Gerusalemme
è al centro del conflitto fra Israele e Palestina in quanto la città per
ragioni diverse è considerata come capitale del proprio Stato sia dai
palestinesi sia dagli israeliani[i]. Nemmeno gli accordi di Oslo del1993[ii]
contengono un’intesa sullo status di Gerusalemme. Le cause dei gravi scontri
che dal mese di maggio dalla città santa si sono progressivamente estesi in
molte zone sensibili del Paese tendono ad essere minimizzate dall’opinione
pubblica filogovernativa, che cerca di ricondurre i contrasti a dispute di
carattere meramente immobiliare. Le turbative, infatti, sono seguite ai
provvedimenti giudiziari di sfratto di cui sono stati destinatari i nuclei
familiari palestinesi che, fuggiti o cacciati dalle loro case a Gerusalemme
Ovest, si erano trasferiti a Gerusalemme Est (in particolare nel quartiere di
Sheikh Jarrah), passata sotto il controllo giordano a seguito del conflitto del
1948[iii]. Le autorità giordane di Gerusalemme Est, infatti, assegnarono a
questi profughi palestinesi, che quindi ne entrarono legittimamente in possesso,
gli immobili abbandonati dagli israeliani che erano invece migrati a
Gerusalemme Ovest, cioè nella zona ‘israeliana’. Dopo più di 160 anni di
pacifico possesso, queste abitazioni sono state rivendicate in sede giudiziale
da israeliani che affermano di essere stati i legittimi proprietari prima
dell’occupazione giordana del 1948. Israele, infatti, avendo a seguito della
guerra dei sei giorni del 1967 esteso la sua sovranità anche su Gerusalemme
Est, non riconosce i precedenti provvedimenti delle autorità giordane di
assegnazione degli immobili ai palestinesi, alimentando così le rivendicazioni
degli israeliani precedenti proprietari. La questione va oltre la disputa
legale in quanto lo stesso diritto non viene riconosciuto ai Palestinesi che a
seguito della guerra del 1948 hanno abbandonato immobili a Gerusalemme ovest
assegnati successivamente a famiglie israeliane. Questa disputa, quindi,
manifesta un atteggiamento discriminatorio, ed è considerata dai Palestinesi
un’intollerabile provocazione. Roberto Rapaccini
[i]
Gli Ebrei ritengono che Gerusalemme debba essere la capitale di Israele perché
oltre ad essere la più importante città dell’antico Regno di Giuda era sede del
Tempio Santo, il luogo più sacro per l’Ebraismo. I Palestinesi rivendicano
invece di aver abitato Gerusalemme in maniera esclusiva per secoli. Oggetto di
controversie è in particolare la parte orientale di Gerusalemme -
unilateralmente annessa da Israele nel 1967 dopo la guerra dei sei giorni -
nella quale sono ubicati alcuni dei luoghi considerati santi dalle tre
religioni monoteiste (Ebraismo, Cristianesimo, Islam), quali il Muro del
Pianto, la moschea al-Aqsa, la basilica del Santo Sepolcro. Prendendo atto
della natura irrisolta del contrasto, le organizzazioni internazionali e la
maggior parte dei Paesi Membri dell’Onu hanno aperto le loro rappresentanze
diplomatiche a Tel Aviv, ritenendo questa città la reale capitale di Israele.

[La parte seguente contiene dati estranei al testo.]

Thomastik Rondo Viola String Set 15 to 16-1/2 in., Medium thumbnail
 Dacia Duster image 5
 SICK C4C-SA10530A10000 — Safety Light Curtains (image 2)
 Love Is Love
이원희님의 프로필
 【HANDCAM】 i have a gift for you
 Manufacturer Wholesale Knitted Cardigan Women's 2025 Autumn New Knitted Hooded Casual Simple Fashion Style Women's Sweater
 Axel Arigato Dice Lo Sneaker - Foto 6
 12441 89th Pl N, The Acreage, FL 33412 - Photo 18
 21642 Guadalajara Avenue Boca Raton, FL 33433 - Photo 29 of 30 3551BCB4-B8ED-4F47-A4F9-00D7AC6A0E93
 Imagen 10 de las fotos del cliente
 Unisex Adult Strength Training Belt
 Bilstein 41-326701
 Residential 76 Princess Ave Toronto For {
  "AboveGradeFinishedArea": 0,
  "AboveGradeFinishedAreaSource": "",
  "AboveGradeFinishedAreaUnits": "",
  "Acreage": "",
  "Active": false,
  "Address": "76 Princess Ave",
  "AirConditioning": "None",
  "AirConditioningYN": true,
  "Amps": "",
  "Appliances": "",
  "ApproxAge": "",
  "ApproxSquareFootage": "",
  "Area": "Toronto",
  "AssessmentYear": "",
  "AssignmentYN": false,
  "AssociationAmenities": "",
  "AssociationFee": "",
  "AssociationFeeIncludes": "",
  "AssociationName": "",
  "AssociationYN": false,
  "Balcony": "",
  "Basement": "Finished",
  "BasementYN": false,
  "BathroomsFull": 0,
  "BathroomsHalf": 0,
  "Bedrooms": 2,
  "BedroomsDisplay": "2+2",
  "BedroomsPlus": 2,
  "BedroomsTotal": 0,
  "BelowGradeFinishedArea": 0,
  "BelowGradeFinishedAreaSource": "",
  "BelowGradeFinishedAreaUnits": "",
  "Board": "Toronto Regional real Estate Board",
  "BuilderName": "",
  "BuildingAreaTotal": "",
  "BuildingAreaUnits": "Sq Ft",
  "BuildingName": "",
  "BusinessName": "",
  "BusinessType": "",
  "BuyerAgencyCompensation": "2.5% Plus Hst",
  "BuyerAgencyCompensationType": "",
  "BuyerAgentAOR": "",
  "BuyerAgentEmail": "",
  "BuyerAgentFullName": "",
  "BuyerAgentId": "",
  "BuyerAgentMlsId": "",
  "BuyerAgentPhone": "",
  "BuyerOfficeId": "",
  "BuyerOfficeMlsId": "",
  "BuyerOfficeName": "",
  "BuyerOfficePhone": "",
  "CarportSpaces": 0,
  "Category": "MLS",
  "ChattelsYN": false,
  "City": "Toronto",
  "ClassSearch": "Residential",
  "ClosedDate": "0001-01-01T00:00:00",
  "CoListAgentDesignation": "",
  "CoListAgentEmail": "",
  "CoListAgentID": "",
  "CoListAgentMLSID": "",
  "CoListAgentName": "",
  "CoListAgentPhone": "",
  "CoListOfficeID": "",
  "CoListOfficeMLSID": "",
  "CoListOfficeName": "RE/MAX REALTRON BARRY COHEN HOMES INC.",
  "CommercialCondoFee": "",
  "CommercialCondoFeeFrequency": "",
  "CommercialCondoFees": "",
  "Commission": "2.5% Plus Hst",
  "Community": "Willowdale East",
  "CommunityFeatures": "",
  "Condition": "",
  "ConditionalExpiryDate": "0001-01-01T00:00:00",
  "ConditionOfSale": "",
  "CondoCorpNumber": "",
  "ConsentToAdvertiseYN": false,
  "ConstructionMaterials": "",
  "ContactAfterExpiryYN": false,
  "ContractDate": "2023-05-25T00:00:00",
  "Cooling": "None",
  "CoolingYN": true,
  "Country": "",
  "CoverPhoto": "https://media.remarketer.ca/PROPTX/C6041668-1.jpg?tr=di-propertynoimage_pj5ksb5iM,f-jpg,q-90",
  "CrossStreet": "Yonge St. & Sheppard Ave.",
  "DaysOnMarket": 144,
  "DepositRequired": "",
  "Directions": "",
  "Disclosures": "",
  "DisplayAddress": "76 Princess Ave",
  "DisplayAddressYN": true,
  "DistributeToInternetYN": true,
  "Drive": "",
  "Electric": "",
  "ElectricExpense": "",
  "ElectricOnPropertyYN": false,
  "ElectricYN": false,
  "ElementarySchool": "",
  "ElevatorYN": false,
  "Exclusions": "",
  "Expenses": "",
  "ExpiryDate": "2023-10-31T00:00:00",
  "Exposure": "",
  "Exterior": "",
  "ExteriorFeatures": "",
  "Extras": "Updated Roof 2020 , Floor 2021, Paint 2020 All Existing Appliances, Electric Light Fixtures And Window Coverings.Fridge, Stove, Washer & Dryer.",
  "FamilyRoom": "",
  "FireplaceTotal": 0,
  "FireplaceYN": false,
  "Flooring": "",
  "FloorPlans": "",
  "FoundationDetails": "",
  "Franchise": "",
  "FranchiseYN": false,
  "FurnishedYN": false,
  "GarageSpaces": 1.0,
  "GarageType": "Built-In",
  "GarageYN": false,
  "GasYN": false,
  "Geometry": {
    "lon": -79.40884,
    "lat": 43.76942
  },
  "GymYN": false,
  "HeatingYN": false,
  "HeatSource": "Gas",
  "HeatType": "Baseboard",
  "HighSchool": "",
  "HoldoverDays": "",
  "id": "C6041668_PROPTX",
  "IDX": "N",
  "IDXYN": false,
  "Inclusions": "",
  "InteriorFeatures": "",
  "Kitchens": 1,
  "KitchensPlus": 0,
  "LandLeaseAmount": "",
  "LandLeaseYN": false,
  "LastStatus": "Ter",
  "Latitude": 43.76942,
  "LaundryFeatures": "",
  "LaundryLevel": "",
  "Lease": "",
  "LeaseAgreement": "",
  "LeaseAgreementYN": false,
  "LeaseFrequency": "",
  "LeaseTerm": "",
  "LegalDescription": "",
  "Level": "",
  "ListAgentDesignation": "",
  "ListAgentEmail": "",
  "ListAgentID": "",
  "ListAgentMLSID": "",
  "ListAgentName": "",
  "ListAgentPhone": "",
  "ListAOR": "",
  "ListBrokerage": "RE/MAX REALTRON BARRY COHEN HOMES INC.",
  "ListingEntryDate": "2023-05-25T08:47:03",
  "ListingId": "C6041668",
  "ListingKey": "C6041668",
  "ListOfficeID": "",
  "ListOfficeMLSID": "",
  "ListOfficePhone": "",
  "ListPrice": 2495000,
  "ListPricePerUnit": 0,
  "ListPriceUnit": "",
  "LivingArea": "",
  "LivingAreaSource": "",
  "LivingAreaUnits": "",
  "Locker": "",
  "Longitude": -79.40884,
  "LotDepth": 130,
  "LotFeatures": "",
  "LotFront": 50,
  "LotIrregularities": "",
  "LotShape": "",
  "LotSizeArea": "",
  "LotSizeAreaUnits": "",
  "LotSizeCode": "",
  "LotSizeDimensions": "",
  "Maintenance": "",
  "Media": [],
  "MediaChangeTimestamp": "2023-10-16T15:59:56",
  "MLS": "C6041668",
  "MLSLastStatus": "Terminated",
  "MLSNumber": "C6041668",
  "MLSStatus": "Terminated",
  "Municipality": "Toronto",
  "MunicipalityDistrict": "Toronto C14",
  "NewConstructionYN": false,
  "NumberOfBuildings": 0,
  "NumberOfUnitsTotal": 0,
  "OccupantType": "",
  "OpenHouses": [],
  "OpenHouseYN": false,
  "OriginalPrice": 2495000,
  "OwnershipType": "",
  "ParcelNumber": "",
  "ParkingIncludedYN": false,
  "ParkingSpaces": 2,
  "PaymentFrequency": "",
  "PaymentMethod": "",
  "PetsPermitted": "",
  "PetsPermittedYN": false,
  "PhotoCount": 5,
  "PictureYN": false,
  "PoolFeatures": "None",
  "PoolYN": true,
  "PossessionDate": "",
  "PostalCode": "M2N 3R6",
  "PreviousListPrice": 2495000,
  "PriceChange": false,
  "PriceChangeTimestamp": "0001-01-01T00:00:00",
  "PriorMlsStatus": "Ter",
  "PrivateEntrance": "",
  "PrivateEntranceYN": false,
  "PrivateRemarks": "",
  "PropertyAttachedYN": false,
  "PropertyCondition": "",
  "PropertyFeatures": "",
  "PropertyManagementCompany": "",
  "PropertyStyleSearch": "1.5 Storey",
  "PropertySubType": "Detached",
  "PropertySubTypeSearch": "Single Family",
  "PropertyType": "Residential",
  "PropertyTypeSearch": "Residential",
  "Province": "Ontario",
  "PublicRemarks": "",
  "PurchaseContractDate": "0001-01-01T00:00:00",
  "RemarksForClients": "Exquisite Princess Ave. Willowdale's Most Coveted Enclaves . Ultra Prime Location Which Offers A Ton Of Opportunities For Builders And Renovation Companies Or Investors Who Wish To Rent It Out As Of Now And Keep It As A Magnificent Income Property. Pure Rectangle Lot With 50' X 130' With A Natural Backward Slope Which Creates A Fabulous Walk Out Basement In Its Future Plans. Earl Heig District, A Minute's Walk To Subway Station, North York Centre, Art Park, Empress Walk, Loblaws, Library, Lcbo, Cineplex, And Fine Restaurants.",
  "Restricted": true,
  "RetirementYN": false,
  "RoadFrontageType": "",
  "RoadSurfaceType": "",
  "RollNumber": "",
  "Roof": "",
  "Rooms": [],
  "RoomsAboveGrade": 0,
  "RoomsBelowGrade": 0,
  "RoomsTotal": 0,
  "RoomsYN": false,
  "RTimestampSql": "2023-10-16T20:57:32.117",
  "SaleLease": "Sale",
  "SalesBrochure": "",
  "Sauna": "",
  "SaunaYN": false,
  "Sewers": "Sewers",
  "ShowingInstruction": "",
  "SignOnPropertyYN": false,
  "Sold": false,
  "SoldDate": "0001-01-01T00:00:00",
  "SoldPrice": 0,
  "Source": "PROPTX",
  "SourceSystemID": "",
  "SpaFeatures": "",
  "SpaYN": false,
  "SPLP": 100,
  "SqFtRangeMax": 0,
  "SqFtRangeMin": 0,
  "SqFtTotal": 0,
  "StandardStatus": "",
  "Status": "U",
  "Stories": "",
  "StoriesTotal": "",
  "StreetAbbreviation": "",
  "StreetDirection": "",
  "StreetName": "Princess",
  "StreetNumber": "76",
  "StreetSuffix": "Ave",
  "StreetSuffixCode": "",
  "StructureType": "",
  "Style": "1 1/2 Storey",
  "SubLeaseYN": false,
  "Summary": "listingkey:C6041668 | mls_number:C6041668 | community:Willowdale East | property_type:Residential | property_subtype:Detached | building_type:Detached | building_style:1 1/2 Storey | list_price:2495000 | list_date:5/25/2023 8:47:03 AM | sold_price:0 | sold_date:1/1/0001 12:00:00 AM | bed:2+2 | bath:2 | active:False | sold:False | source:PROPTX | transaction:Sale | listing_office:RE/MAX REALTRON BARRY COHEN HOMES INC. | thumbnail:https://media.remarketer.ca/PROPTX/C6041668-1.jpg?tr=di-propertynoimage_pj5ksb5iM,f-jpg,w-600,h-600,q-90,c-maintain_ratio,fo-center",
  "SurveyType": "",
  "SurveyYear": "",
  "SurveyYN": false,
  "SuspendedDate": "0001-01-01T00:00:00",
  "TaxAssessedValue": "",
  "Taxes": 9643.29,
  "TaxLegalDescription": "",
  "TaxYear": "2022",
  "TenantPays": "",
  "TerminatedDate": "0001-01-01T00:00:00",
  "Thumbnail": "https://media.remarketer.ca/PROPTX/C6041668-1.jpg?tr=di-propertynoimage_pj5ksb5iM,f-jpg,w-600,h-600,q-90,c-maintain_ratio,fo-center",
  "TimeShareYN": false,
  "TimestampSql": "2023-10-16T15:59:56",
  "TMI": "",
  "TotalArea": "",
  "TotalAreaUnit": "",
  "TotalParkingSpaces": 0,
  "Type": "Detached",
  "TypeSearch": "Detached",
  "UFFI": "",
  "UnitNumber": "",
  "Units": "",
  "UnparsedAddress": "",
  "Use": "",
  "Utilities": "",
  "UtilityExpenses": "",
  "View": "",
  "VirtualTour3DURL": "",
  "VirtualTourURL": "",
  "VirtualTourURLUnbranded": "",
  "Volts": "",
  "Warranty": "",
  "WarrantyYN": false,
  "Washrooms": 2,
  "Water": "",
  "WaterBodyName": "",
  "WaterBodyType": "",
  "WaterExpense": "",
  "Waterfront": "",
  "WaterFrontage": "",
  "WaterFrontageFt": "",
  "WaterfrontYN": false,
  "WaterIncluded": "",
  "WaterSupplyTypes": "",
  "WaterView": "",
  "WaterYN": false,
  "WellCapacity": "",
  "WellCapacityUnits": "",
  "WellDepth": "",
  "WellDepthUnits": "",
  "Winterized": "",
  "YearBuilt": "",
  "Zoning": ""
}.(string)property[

Ironia della sorte uno dei significati della parola Gerusalemme è città della
pace.
[ii]
Con gli accordi di Oslo è stata istituita un'Autorità palestinese con il
compito di governare con una limitata autonomia alcune parti della Cisgiordania
e della Striscia di Gaza, e stato inoltre riconosciuto l'OLP come partner di
Israele nei negoziati sulle questioni in sospeso. Gli accordi di Oslo non hanno
creato uno Stato palestinese.
[iii]
L’armistizio con il quale nel 1949 si concluse la prima guerra arabo-israeliana
stabilì che ad Israele spettasse la parte ovest di Gerusalemme, mentre la
Giordania, che durante la guerra aveva occupato parte di Gerusalemme e
dell’odierna Cisgiordania, mantenesse il controllo della parte est della città,
quella palestinese, tuttora è abitata in prevalenza da arabi. La situazione è
cambiata nel 1967, al termine della ‘Guerra dei sei giorni’: Israele conquistò
diversi territori, fra cui Gerusalemme est, di cui tutt’oggi mantiene il
controllo militare assieme ad un’ampia zona di quartieri limitrofi.